Piłkarze Szwecji musieli opuścić hotel w Samarze w sobotę rano z powodu alarmu pożarowego, który okazał się fałszywy. – To było tuż po wpół do ósmej rano, alarm był fałszywy. Wszyscy zawodnicy czują się dobrze rzecznik – poinformował rzecznik reprezentacji Staffan Stjernholm, cytowany na stronie internetowej szwedzkiej federacji.
Według kierownictwa hotelu alarm wyłączył się ponieważ ktoś palił w pokoju lub przypadkowo nacisnął przycisk alarmu przeciwpożarowego. Po kilkunastu minutach zawodnicy wrócili do pokoju. – To była nietypowa pobudka – stwierdził Mikael Lustig, dla którego poranne zdarzenie nie będzie miało większego znaczenia. W meczu z Anglią będzie pauzował za kartki.

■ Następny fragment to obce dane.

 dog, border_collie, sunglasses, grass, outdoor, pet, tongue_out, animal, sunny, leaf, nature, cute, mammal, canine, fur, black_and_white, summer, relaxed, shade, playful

Ostatnie spotkania obu drużyn
Szwecja i Anglia grały przeciwko sobie w piłkarskich mistrzostwach świata dotychczas dwa razy. Oba spotkania kończyły się remisami. – Nasi rywale to świetny zespół, który potrafi szybko rozgrywać piłkę, no i oczywiście ma z przodu Harry’ego Kane’a. Jeśli skupimy się na obronie i kontratakach, wierzę, że strzelimy gole – powiedział kapitan „Trzech Koron” Andreas Granqvist.